§ **TO DO**
Down to the last line, transcribe the records verbatim and exclude the images.

Image-caption web data:
____________
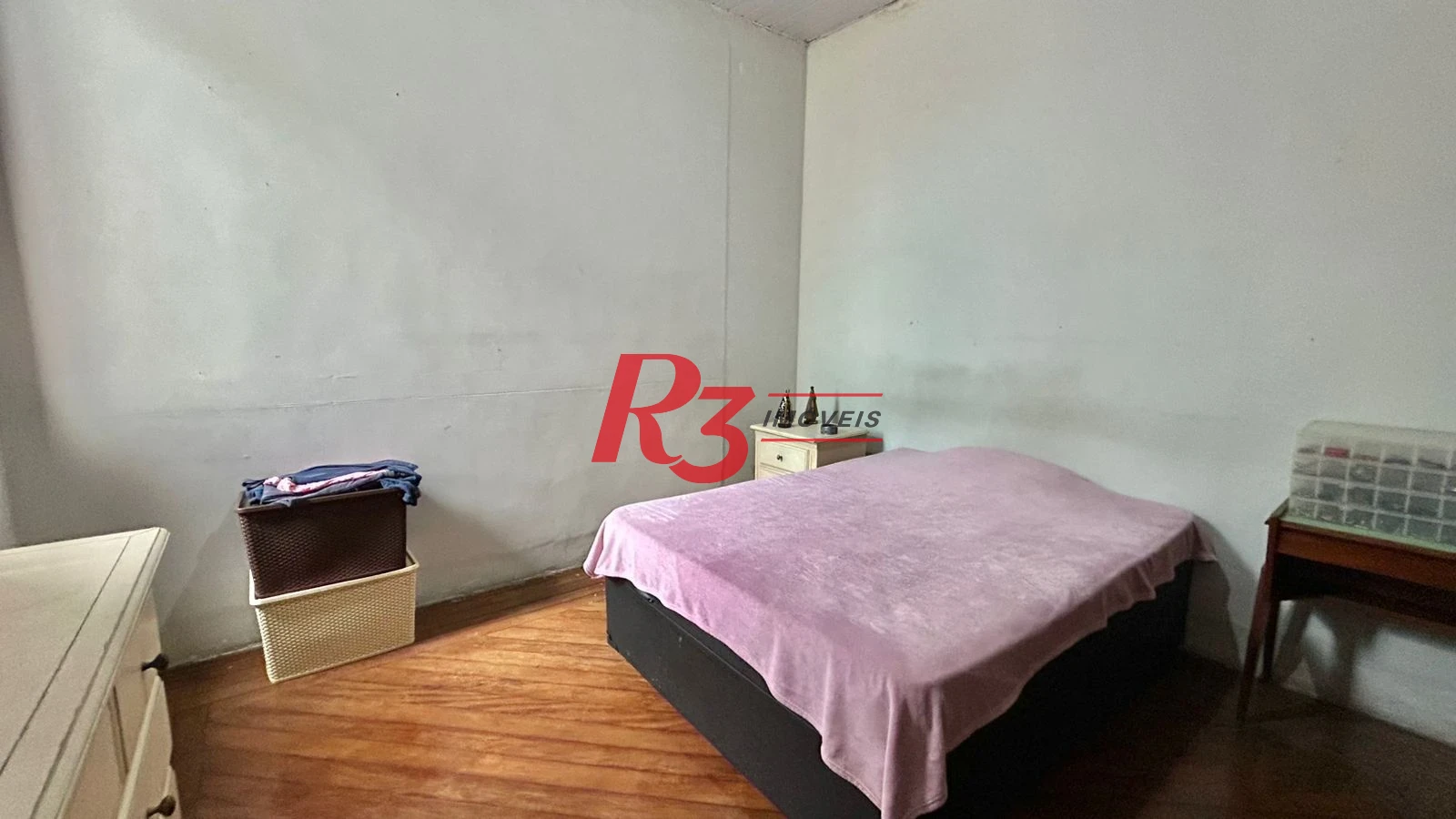 Sobrado com 3 dormitórios à venda, 121 m² por R$ 480.000,00 - Macuco - Santos/SP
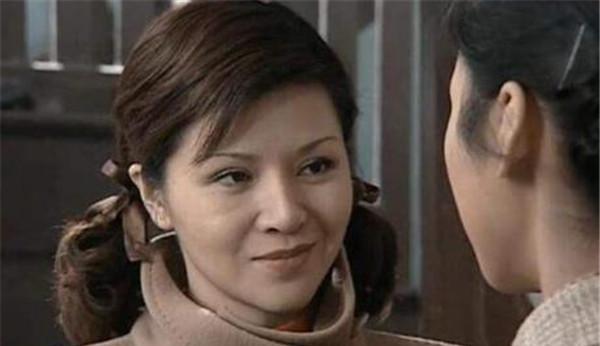 李云龙|亮剑：男人遇到张白鹿，如果没有李云龙的克制，将会万劫不复！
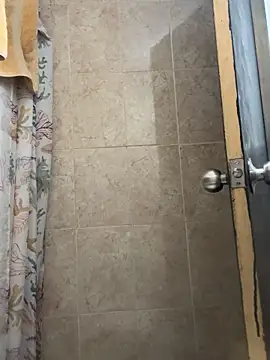 habdiela online show from October 2025 10:38:01 PM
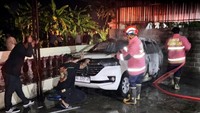 Amuk Suami di Tulungagung Bakar Mobil Pria Terduga Selingkuhan Istri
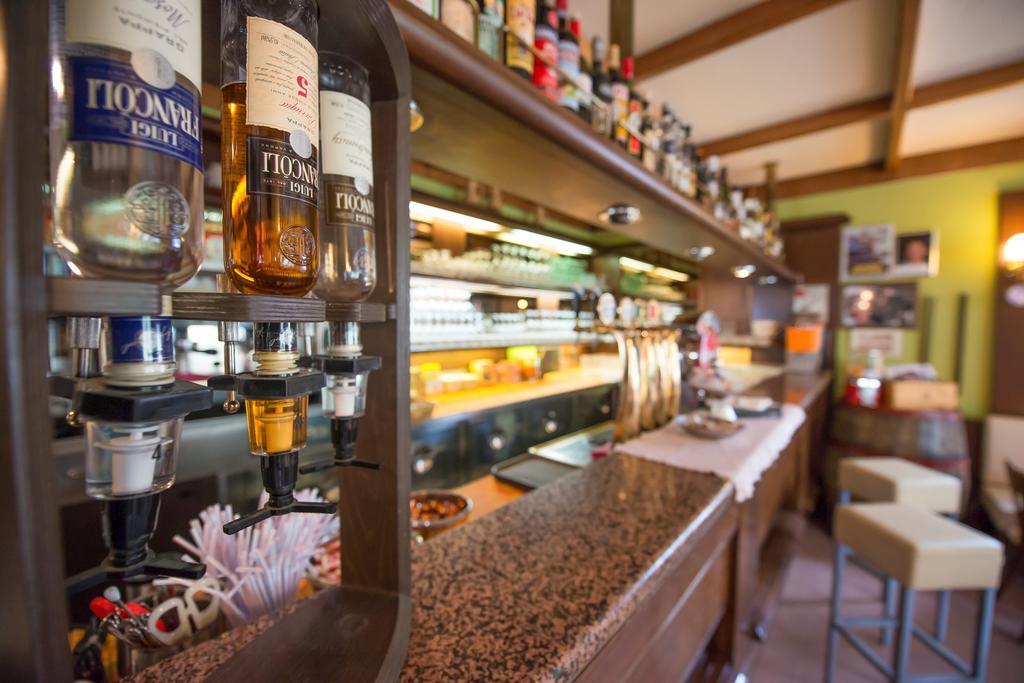 Dependance Sporting Hotel Ливиньо Екстериор снимка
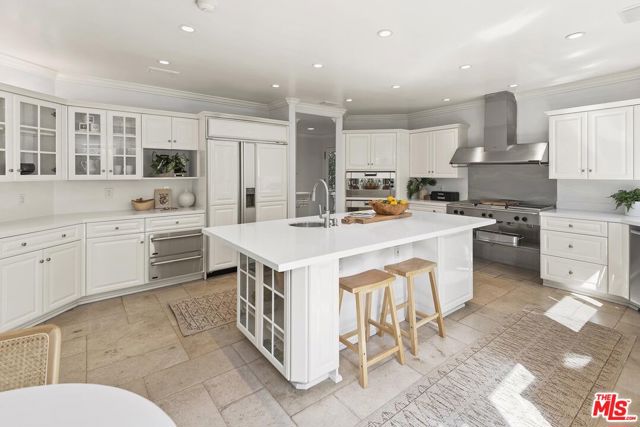 1549 Lindacrest Drive, Beverly Hills CA: https://media.crmls.org/mediaz/bbf3f1b1-b573-4767-9dc8-bf41f3b83465.jpg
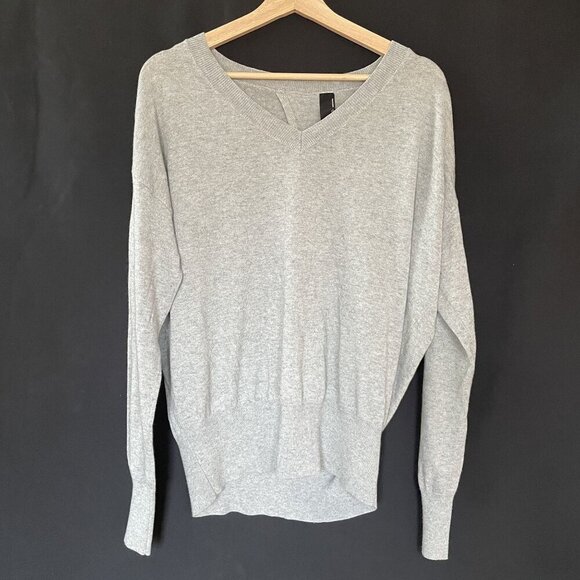 Bobi LA gray sweater women's size L keyhole open back detail comfortable top - Picture 1 of 8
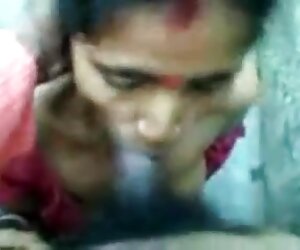 Pembantu rumah India menghisap zakar tuannya yang matang semasa seks di rumah.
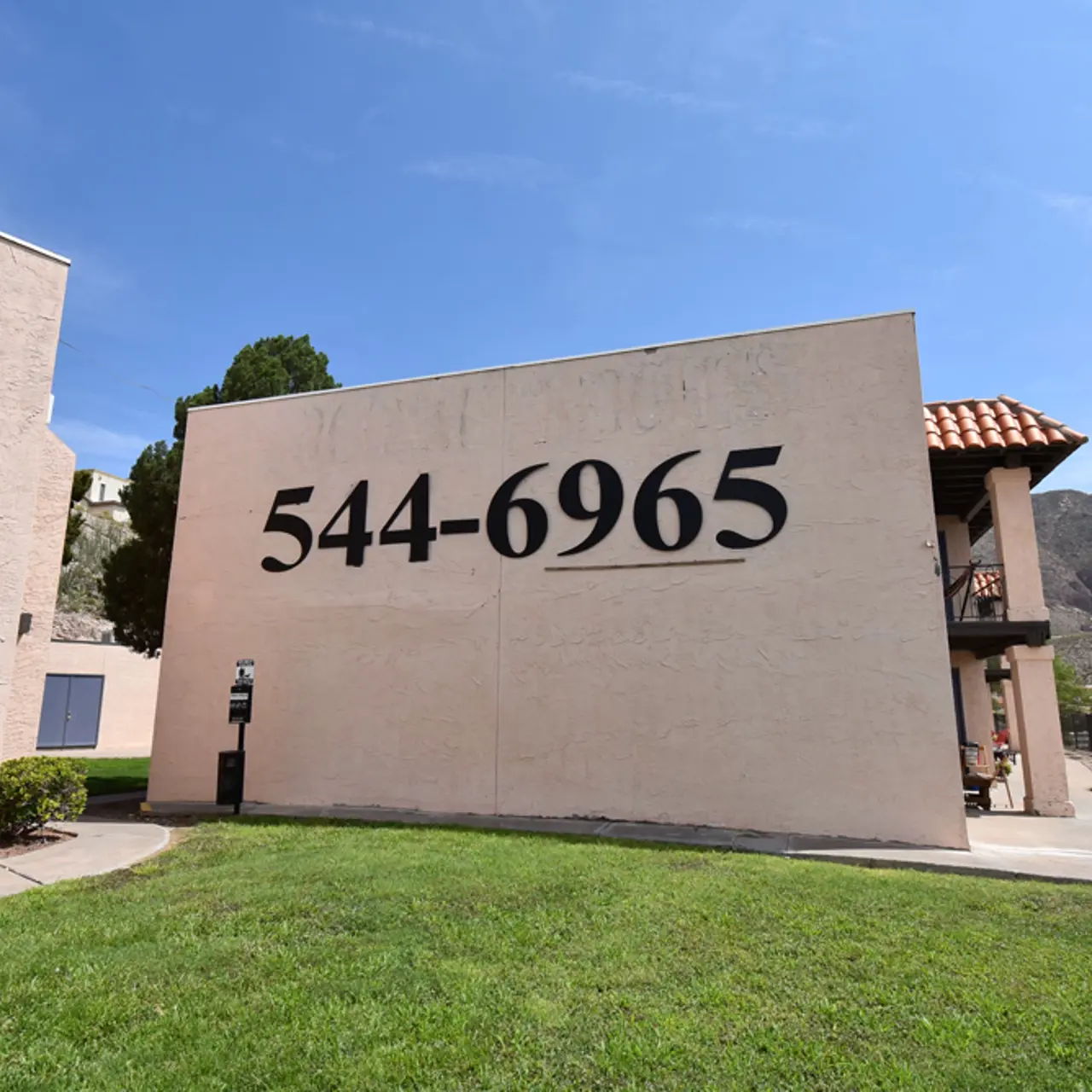 Overlook Apartments - Grass, Shelter, Building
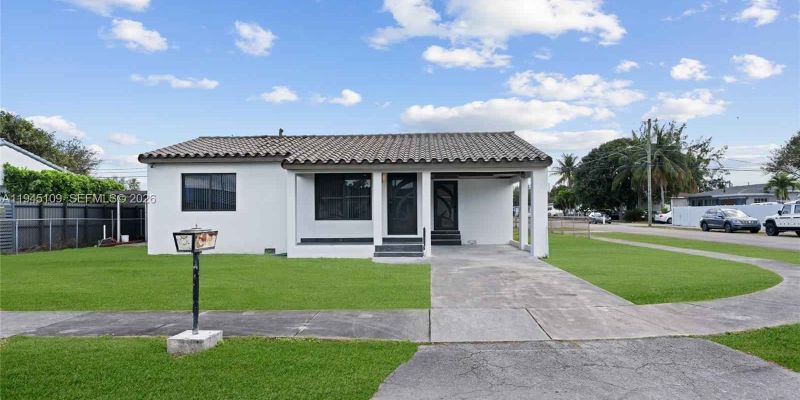 Miami House: 3030 NW 99th St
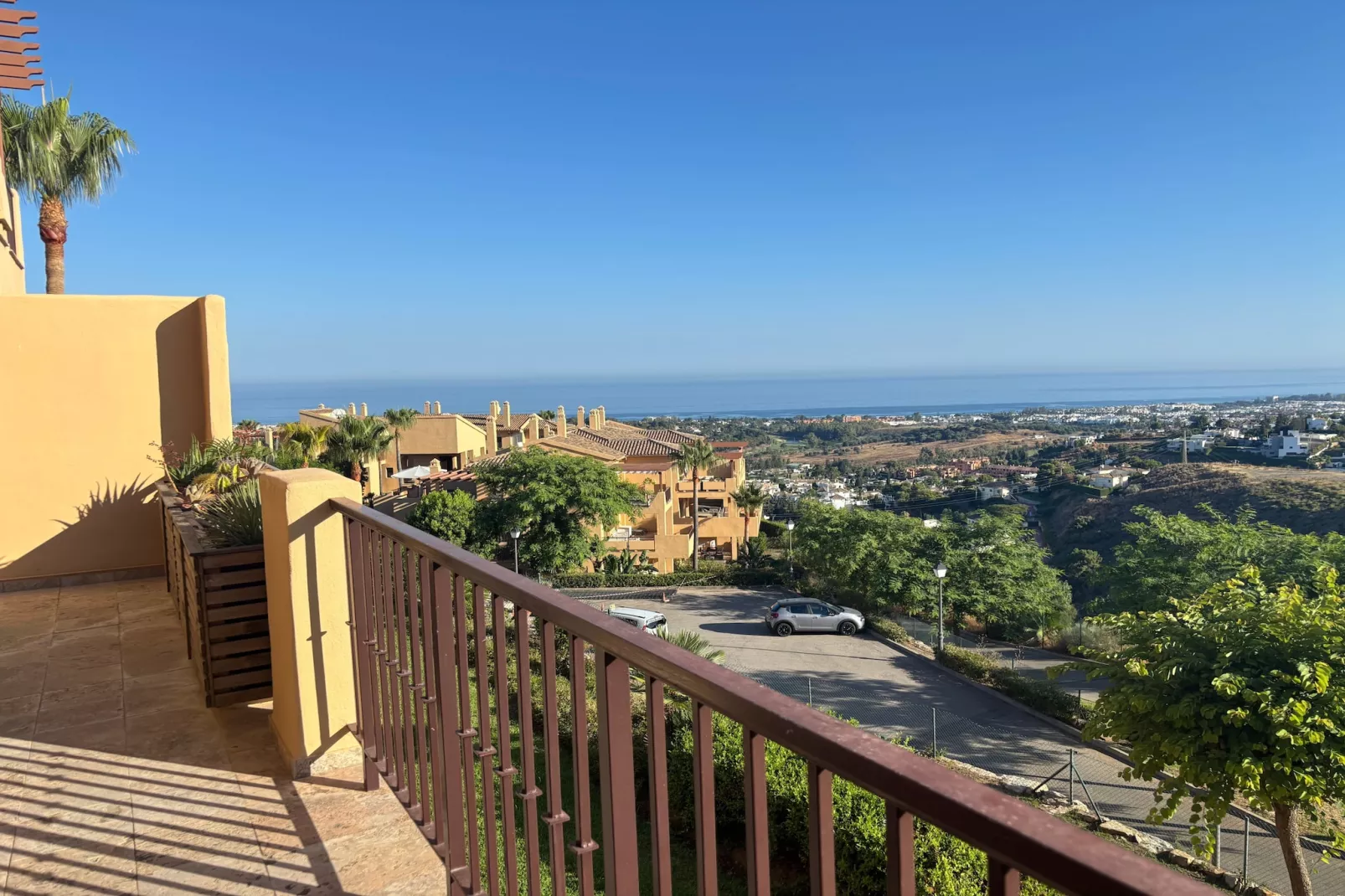 3-Bedroom Apartment with Sea & Mountain Views - Terrasse/Balkon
____________
§ **RESPONSE AREA**
 Sobrado com 3 dormitórios à venda, 121 m² por R$ 480.000,00 - Macuco - Santos/SP
 李云龙|亮剑：男人遇到张白鹿，如果没有李云龙的克制，将会万劫不复！
 habdiela online show from October 2025 10:38:01 PM
 Amuk Suami di Tulungagung Bakar Mobil Pria Terduga Selingkuhan Istri
 Dependance Sporting Hotel Ливиньо Екстериор снимка
 1549 Lindacrest Drive, Beverly Hills CA: https://media.crmls.org/mediaz/bbf3f1b1-b573-4767-9dc8-bf41f3b83465.jpg
 Bobi LA gray sweater women's size L keyhole open back detail comfortable top - Picture 1 of 8
 Pembantu rumah India menghisap zakar tuannya yang matang semasa seks di rumah.
 Overlook Apartments - Grass, Shelter, Building
 Miami House: 3030 NW 99th St
 3-Bedroom Apartment with Sea & Mountain Views - Terrasse/Balkon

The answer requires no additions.